URINE THE MONEY
Forget electric cars. You might have a hydrogen car! In theory, that is a good thing, because hydrogen is the most common element in the universe. The problem is, a lot of the hydrogen is bonded to other elements and it is expensive to "unbond" them. For example, hydrogen bonded to oxygen produces water. To separate them, you apply electricity. Electricity costs money and energy to produce which may be more expensive than the product is worth. Itis also hard to store, requiring a low temperature, but a high pressure.
But, guess what. It takes less energy to take hydrogen out of urine. No, really.
Fortunately, though, there’s urine to the rescue. You can just store the hydrogen in urine. Urea, the major component in urine, is hydrogen and nitrogen mostly, about twice as much hydrogen as nitrogen.
I assume this means this will all be done somewhere out of sight and you, the driver, will just pull up to a nice sanitary hydrogen station and "pump" it into your car.
But, as you might imagine, I can think of all kinds of benefits to this.

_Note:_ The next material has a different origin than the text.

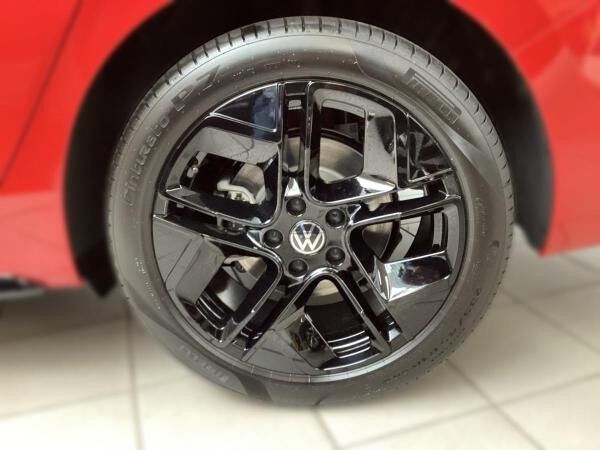 Volkswagen Passat R-Line *SOFORT VERFÜGBAR!* 2,0 l TDI SCR 4MOTION 142 kW (193 PS) 7-Gang-Doppelkupplungsgetriebe DSG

First, it is a whole new industry for homeless people. Now they have to go to the plasma bank and donate plasma for money. You have to get stuck with a needle and people have to wait on you. But, now, they can go to the urine donation station and give a donation with relative ease. For the heavy drinkers, this is an added benefit. They have more to donate, they get more money, the refill more often and they donate more often. Talk about recycling.
And donations are really easy to make. You just install rows of urinals along the outside wall of the collection station and mark it "men". There are millions of urinals floating around in old buildings that could be salvaged and recycled. So, it is a green thing! (The recycling, not the urine silly.)
Then, you take all those vending machines from old gas stations and fix them to a sensor. When the sensor detects the donation, it dispenses money instead of, well, other things.
For women, it is a bit more complicated, of course. You would need to build stalls and proper toilets and probably places to wash hands and those thin tissue things that say you can make a ring around the seat and somehow that thin thing is supposed to prevent diseases. But, it would stimulate the economy, as we could hire the jobless and guys like Bernie Madoff to build the stuff. Plus, you would have to clean the women's side.
So, we can save the planet with urine.
We need to have a contest for the best slogan to promote this new venture. Maybe start a Facebook group.
I thought we would get T-shirts that say "Hydrogen is No. 1".
1 comment:
Oh, Larry, Larry, Larry. How about "Leak the news that pee will save our planet."